> _Records provided_:
○ ○ ○ ○ ○

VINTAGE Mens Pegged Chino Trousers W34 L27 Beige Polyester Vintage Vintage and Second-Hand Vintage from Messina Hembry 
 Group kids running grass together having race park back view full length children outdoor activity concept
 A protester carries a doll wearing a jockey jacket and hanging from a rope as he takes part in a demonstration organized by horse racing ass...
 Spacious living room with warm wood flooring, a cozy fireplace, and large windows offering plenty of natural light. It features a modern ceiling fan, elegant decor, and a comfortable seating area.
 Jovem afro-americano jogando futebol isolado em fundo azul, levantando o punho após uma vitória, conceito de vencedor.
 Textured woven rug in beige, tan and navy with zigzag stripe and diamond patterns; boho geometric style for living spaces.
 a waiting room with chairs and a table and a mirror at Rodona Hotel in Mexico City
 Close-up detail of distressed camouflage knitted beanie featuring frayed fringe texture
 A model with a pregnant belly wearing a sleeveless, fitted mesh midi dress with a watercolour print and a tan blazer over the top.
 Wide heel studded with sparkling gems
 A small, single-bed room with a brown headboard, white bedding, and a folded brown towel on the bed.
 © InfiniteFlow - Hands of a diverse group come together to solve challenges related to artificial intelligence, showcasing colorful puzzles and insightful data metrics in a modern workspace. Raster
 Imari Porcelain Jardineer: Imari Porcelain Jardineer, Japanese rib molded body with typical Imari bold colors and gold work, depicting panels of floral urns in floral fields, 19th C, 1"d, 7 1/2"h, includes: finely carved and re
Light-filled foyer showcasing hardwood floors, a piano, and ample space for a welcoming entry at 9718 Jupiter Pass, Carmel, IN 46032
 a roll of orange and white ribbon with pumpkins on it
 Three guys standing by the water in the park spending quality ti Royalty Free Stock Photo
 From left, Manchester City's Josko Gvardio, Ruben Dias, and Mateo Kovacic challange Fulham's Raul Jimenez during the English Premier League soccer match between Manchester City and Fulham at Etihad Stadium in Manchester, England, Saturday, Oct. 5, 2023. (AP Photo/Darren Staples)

○ ○ ○ ○ ○

> _Brief_: Each line in the entries above, starting at the line with "Close-up detail of" and ending at the line with "Wide heel studded with sparkling gems", is to be printed exactly, and only those lines.

> _Solution_:
 Close-up detail of distressed camouflage knitted beanie featuring frayed fringe texture
 A model with a pregnant belly wearing a sleeveless, fitted mesh midi dress with a watercolour print and a tan blazer over the top.
 Wide heel studded with sparkling gems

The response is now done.